Exercise brief.
All that is wanted is the line with "Authentic Celine Seau" and each line after it to the end of the data below, set down exactly and without pictures.

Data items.
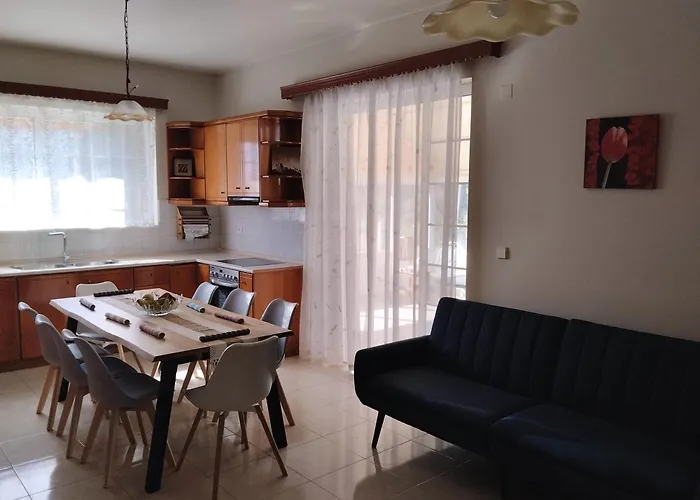 Flora House Kremastí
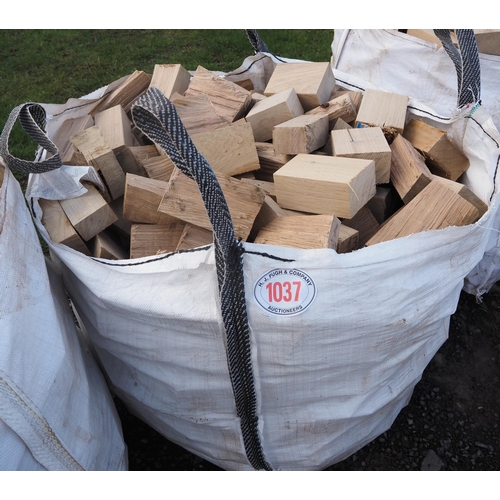 1037 - Bag of hardwood offcuts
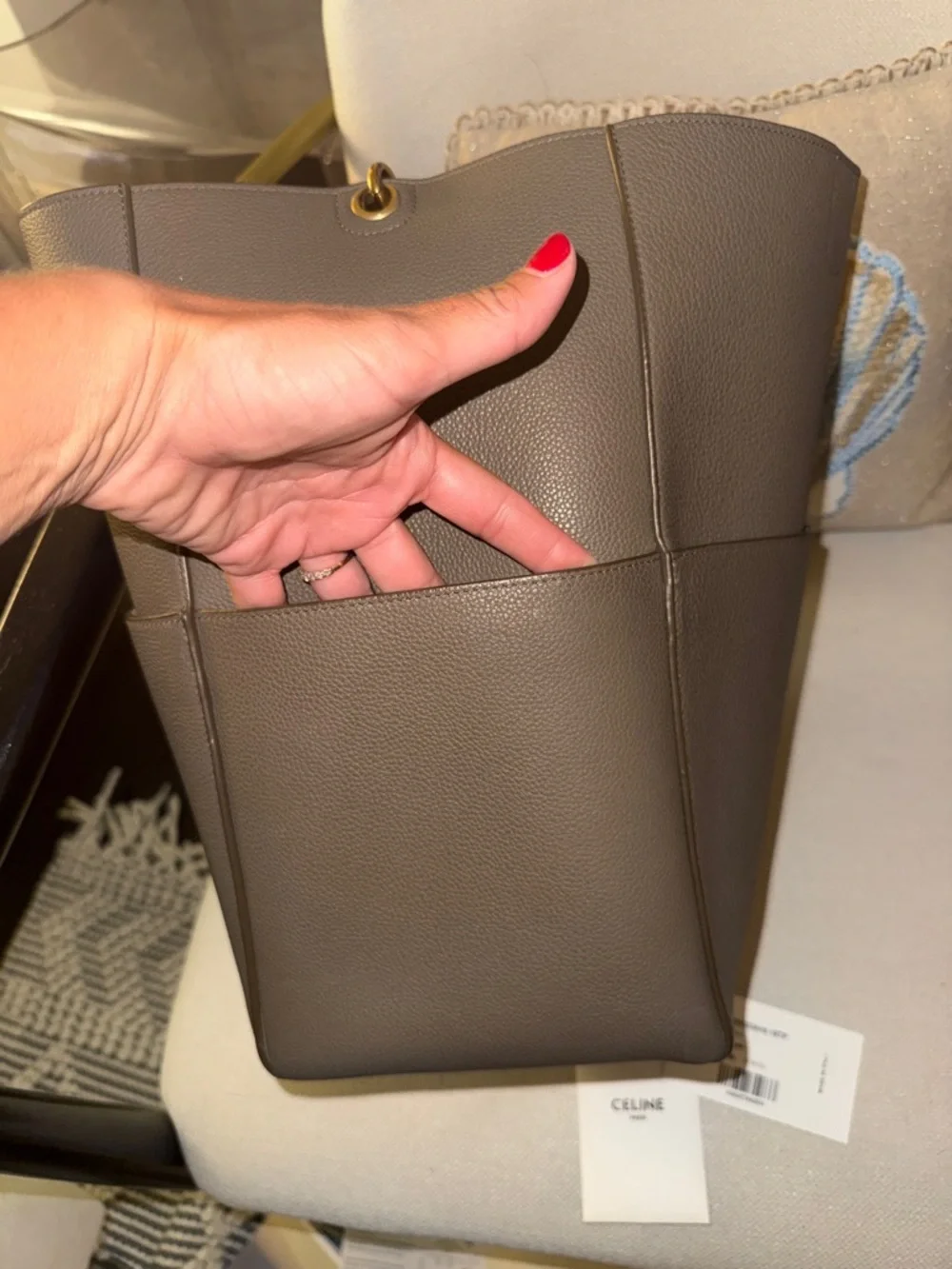 Authentic Celine Seau Taupe/Brown Pebbled Leather Tote w/Wide Strap suede int. - Picture 14 of 17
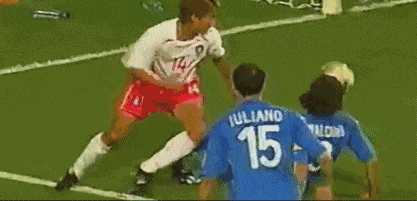 2002年世界杯韩国对阵意大利(FIFA发视频夸韩国队2002年世界杯表现，各国球迷怒了…)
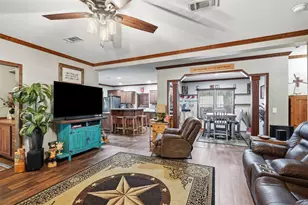 3717 Woodview Dr, Joshua, TX 76058 - Photo 10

Completed exercise.
 Authentic Celine Seau Taupe/Brown Pebbled Leather Tote w/Wide Strap suede int. - Picture 14 of 17
 2002年世界杯韩国对阵意大利(FIFA发视频夸韩国队2002年世界杯表现，各国球迷怒了…)
 3717 Woodview Dr, Joshua, TX 76058 - Photo 10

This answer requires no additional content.